The federal lawsuit seeking class action status was filed late last month against Chicago-based Health Care Service Corporation (HCSC). The complaint claims that HCSC denied coverage to a Chicago-area woman with depression, substance use disorder (SUD) and borderline personality disorder based on “faulty guidelines issued by MCG Health,” Law360 reported.

MCG Health is a Seattle-based provider of healthcare solutions, guidelines and analytics. Its guidelines are used by eight of the country’s largest insurers, according to the suit.


However, the plaintif’s lawyers argue those guidelines are unnecessarily restrictive — and that they caused HCSC to deny the plaintiff coverage of residential mental health treatment, claiming that the services were not medically necessary.

Per MCG guidelines, residential treatment is only medically necessary for crisis stabilization or when a patient has acute symptoms, according to Law360. However, standards from the majority of professional groups “recognize that persistent and/or pervasive behavioral health disorders cannot necessarily be as effectively treated on a short-term or outpatient basis as they could be in residential care,” the suit said.

HCSC told Law360 it doesn’t comment on pending litigation.


The suit is in line with a recent trend of litigation taking aim at behavioral health parity.

It comes after a federal judge ruled last year that UnitedHealthcare’s United Behavioral Health used guidelines that were too restrictive in the coverage of thousands of substance abuse patients.
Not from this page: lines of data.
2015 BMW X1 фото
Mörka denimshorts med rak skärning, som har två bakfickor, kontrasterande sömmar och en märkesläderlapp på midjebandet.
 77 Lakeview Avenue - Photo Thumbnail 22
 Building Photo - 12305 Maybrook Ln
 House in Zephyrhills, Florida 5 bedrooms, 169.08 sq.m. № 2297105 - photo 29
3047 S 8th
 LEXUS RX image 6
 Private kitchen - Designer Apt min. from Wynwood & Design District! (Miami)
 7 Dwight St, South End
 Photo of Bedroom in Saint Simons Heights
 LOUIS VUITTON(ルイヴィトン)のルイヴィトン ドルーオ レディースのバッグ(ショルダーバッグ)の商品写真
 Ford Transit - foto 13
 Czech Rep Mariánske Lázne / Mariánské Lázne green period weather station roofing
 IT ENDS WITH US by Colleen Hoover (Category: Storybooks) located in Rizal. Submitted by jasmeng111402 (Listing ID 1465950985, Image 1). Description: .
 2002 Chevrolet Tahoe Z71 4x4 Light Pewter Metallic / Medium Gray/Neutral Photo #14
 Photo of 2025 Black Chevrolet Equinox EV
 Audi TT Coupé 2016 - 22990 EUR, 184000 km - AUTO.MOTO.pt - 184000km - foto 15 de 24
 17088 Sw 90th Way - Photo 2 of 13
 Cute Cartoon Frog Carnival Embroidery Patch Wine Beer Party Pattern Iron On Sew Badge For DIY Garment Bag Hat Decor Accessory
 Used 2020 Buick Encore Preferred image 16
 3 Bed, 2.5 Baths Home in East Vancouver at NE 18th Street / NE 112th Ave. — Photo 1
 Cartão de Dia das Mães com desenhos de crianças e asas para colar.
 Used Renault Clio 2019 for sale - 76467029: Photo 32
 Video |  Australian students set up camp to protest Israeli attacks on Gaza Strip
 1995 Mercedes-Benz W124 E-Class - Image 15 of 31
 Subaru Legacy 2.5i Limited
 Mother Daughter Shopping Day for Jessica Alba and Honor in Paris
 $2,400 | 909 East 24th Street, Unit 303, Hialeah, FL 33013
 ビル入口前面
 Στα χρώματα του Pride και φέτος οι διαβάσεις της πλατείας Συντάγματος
Additional lawsuits have followed with similar success.

Washington, D.C.-based litigation firm Zuckerman Spaeder, who won the United Behavioral Health ruling, is also representing the plaintiffs in the HCSC case.

“This case will have wider repercussions than the United case because it goes beyond a single insurer,” D. Brian Hufford, one of the plaintiff’s attorneys, told Law360. “If we can demonstrate in court that the use of the MCG guidelines is improper, that hopefully will continue momentum in compelling changes in how insurers cover behavioral health services.”